Start of Records provided
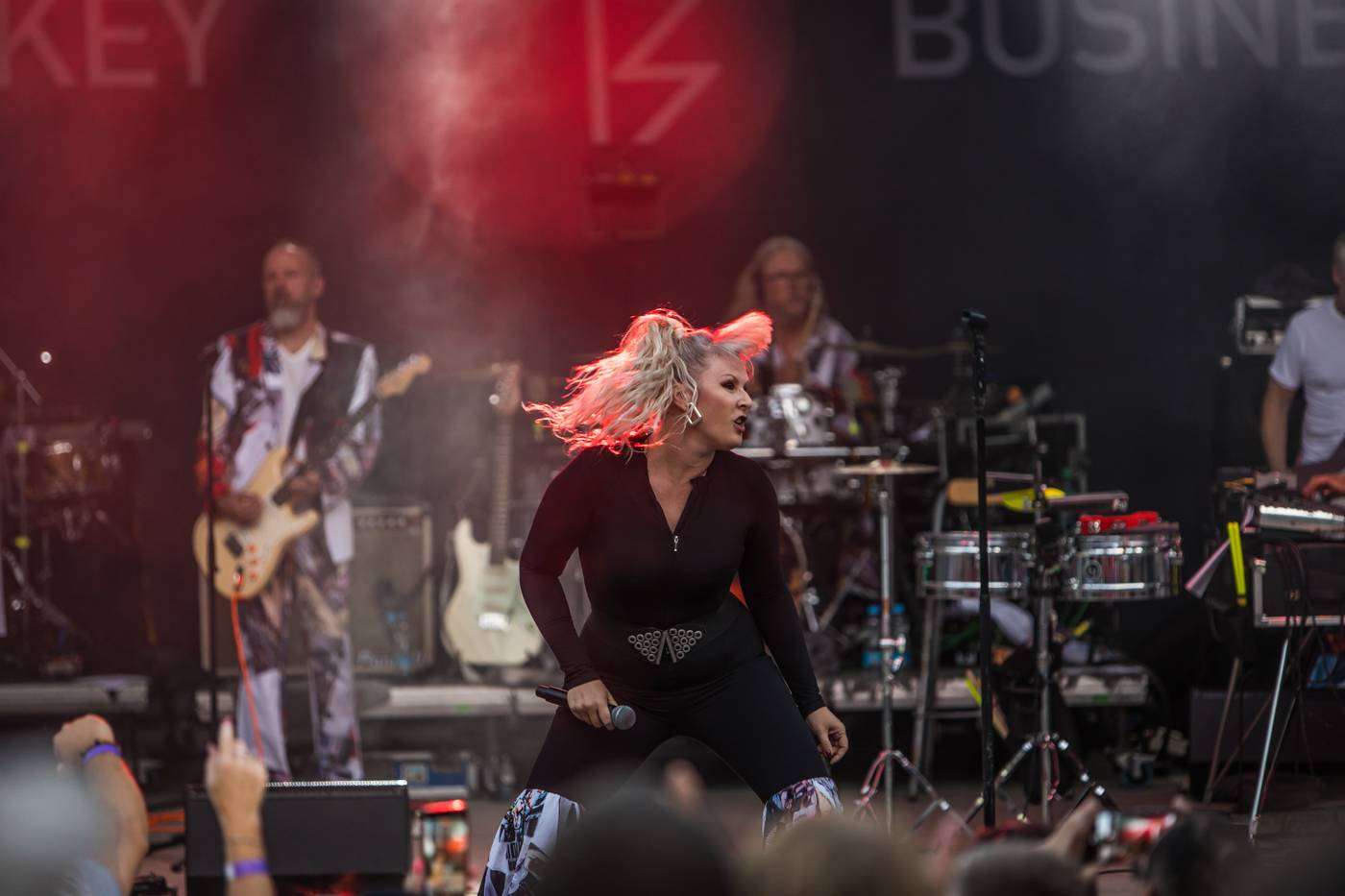 Monkey Business a J.A.R. ukázali, zač je toho Loket. Košile Matěje Rupperta šla opět dolů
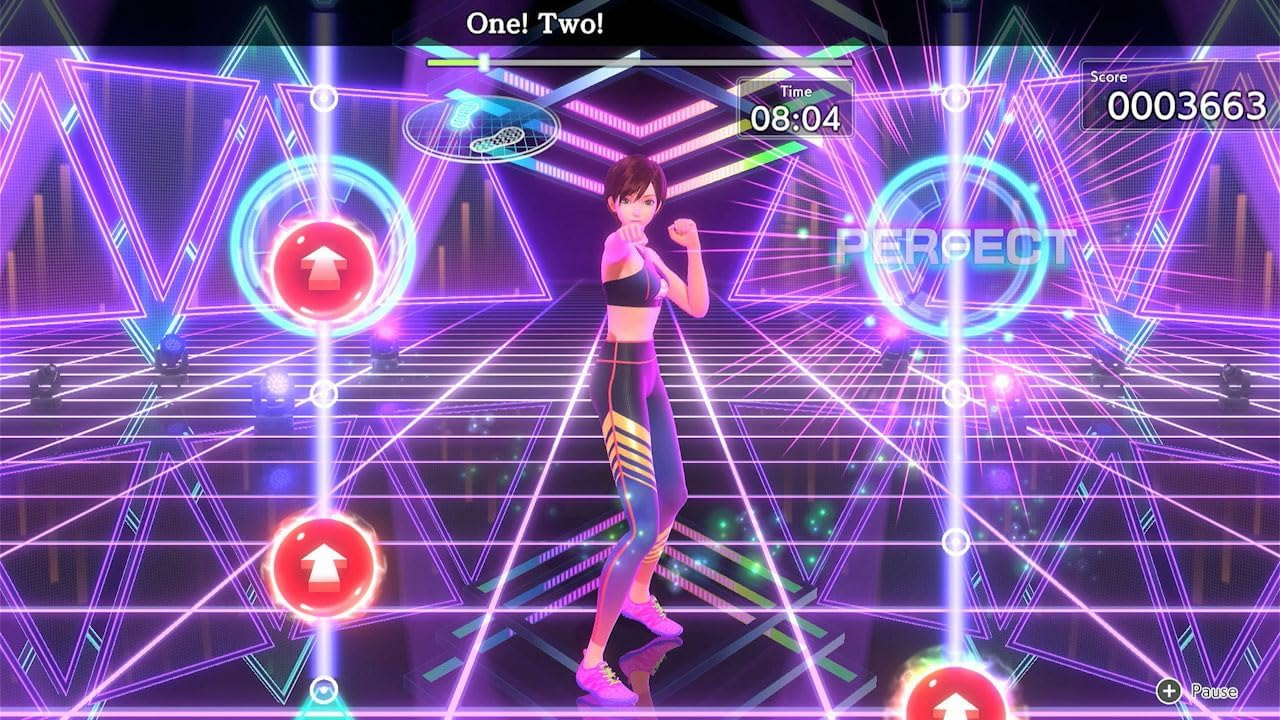 Eine Frau in Trainingskleidung tanzt in einer Virtual-Reality-Spielumgebung.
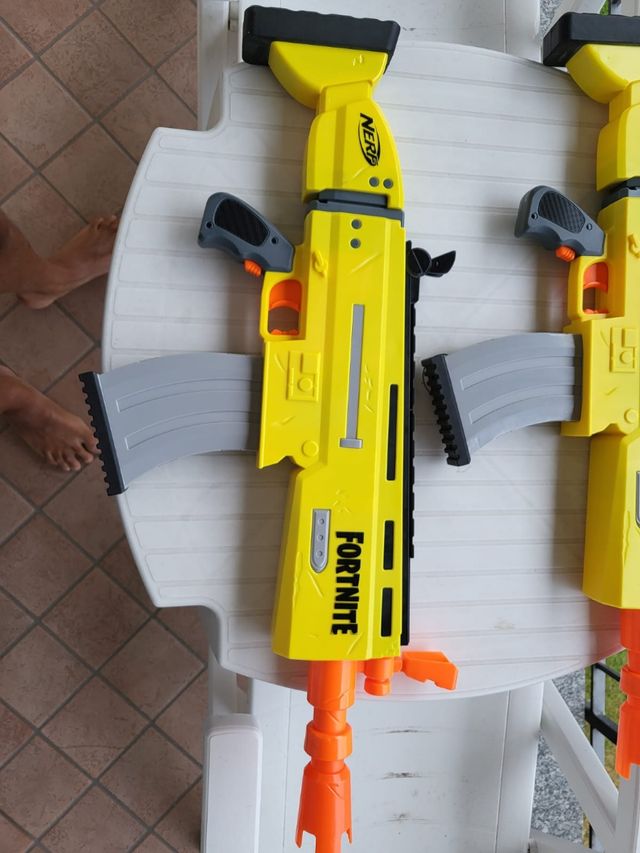 2 fucili Nerf automatico in pavia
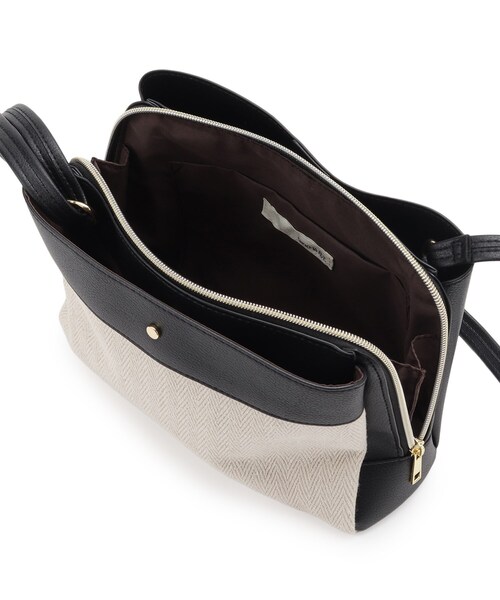 SHOO・LA・RUE(シューラルー)の「◆素材コンビ3層ショルダーバッグ(ショルダーバッグ・レディース・オフホワイト/ブラック/ブラック系3・00)」の15枚目の写真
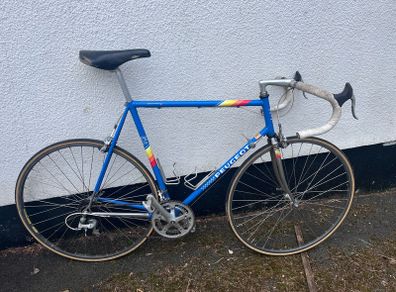 Vintage 1989 Peugeot SLX racing bike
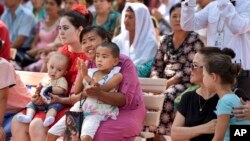 Toshkentdagi parklardan birida o'tkazilgan bayram tadbiri, 1-avgust, 2016-yil.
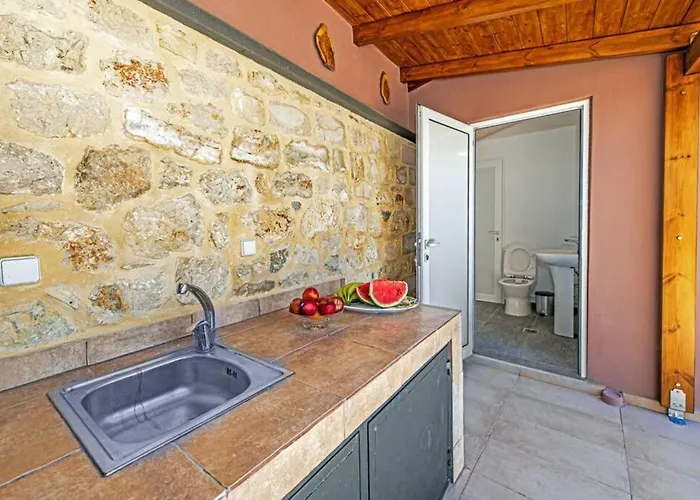 Anthi, A Modern With Salted Water Pool,hot Tub & Bbq! * Rethymno (Crete)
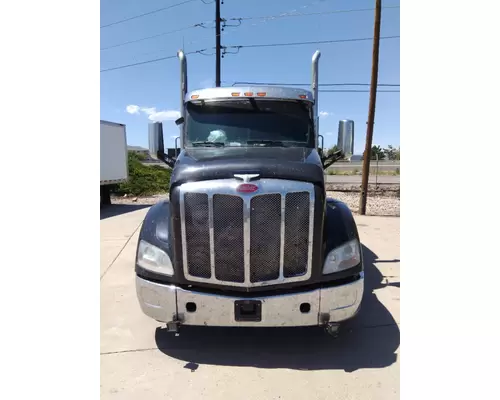 PETERBILT 579 WHOLE TRUCK FOR RESALE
End of Records provided
• What is required:
Beginning with the first entry above, reproduce every line verbatim until the line with "Vintage 1989 Peugeot SLX racing bike", which is included too; omit pictures.

• Response to the exercise:
 Monkey Business a J.A.R. ukázali, zač je toho Loket. Košile Matěje Rupperta šla opět dolů
 Eine Frau in Trainingskleidung tanzt in einer Virtual-Reality-Spielumgebung.
 2 fucili Nerf automatico in pavia
 SHOO・LA・RUE(シューラルー)の「◆素材コンビ3層ショルダーバッグ(ショルダーバッグ・レディース・オフホワイト/ブラック/ブラック系3・00)」の15枚目の写真
 Vintage 1989 Peugeot SLX racing bike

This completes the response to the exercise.